What made you want to do that one nm62? Are you currently teaching? I've heard that the Sunderland one is more widely recognised internationally (as in if i return back to uk or ireland) but again i'm only rwally going with bits I've read on the internet at this stage..


----------



## nm62 (Dec 11, 2008)

gracie_23 said:


> What made you want to do that one nm62? Are you currently teaching? I've heard that the Sunderland one is more widely recognised internationally (as in if i return back to uk or ireland) but again i'm only rwally going with bits I've read on the internet at this stage..



well it is a long story...
I am a commerce graduate and teaching only commerce high school students...
I wanted to do MA in education to move in administration later....

PGCEi will give me 60 credit points towards PGDE and the third year which is MA education from Nottingham university....

Moreover they provide guidance here in Knowledge Village and you are working with a group of teachers...


----------



## VS400 (Aug 21, 2011)

Dont you have to currently be teaching to do the Nottingham one?


----------



## gracie_23 (May 12, 2011)

VS400 said:


> Dont you have to currently be teaching to do the Nottingham one?


not from what I have read - as long as you can get somewhere to take you for your 2 placements.

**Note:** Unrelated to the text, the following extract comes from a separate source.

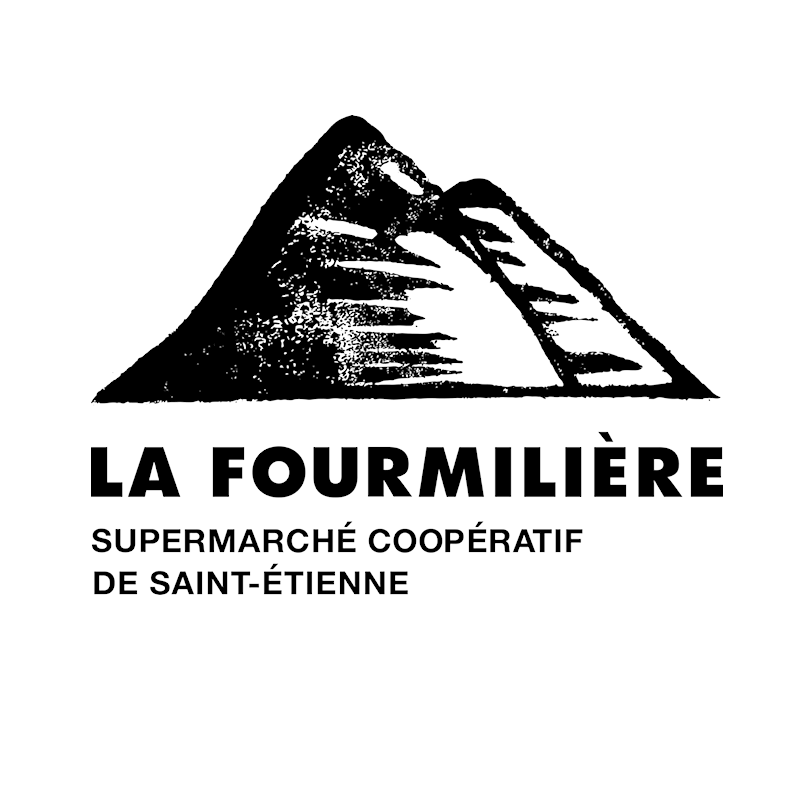 Logo de Supermarché Coopératif La Fourmilière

I would like to work whilst I do mine though but i'm only in the early stages of getting this sorted (as it wouldnt start until September) - do you have any ideas of where might take me on as either a TA or teacher whilst I do the PGCE year?


----------



## gracie_23 (May 12, 2011)

nm62 said:


> well it is a long story...
> I am a commerce graduate and teaching only commerce high school students...
> I wanted to do MA in education to move in administration later....
> 
> ...


ahh ok - sounds like you have it figured 

Do you know anyone currently doing either of them for any feedback or advice?

Thanks


----------



## nm62 (Dec 11, 2008)

gracie_23 said:


> ahh ok - sounds like you have it figured
> 
> Do you know anyone currently doing either of them for any feedback or advice?
> 
> Thanks



NO i do not know anyone doing it but you can visit them as they have Senior (very old teachers from UK) giving the information.

You can start it in April (Application deadline is February)
other batch is in September.
Sunderland/ Nottingham fees is almost the same...


----------



## nm62 (Dec 11, 2008)

I am neither going for Sunderland nor for Nottingham (non transferable credits/ no exams)...

I have decided to go for University of London (International Programme) 

It is assumed to be well recognized... masters in Leadership and Management (must be transferable credit points for first 2 years... but i am not much bothered about it)
(1st year Certificates - 2 modules) exam
(2nd year Certificates - 2 modules) exam
(3rd year Certificate - Dissertation) 

Fees is almost the same....

Applied Educational Leadership and Management - Structure and Syllabus - Institute of Education - University of London International Programmes
This is what i was looking for as i want to either move into admin or CPD...


----------



## nmn (Nov 1, 2012)

*PGCE Dubai*

Hi Gracie
I was just wondering if you got any info on doing PGCE in Dubai and then returning to ireland with qualification? I did that qualification a few years ago and I am returning to ireland and i just wondered if you knew of anyone that had responded who had done it and got verified in ireland? Teaching council in ireland is a bit of a nightmare!
thanks


----------



## Ann33475 (Nov 27, 2020)

The above link is incorrect. I think they moved to PGCE Distance Learning.


----------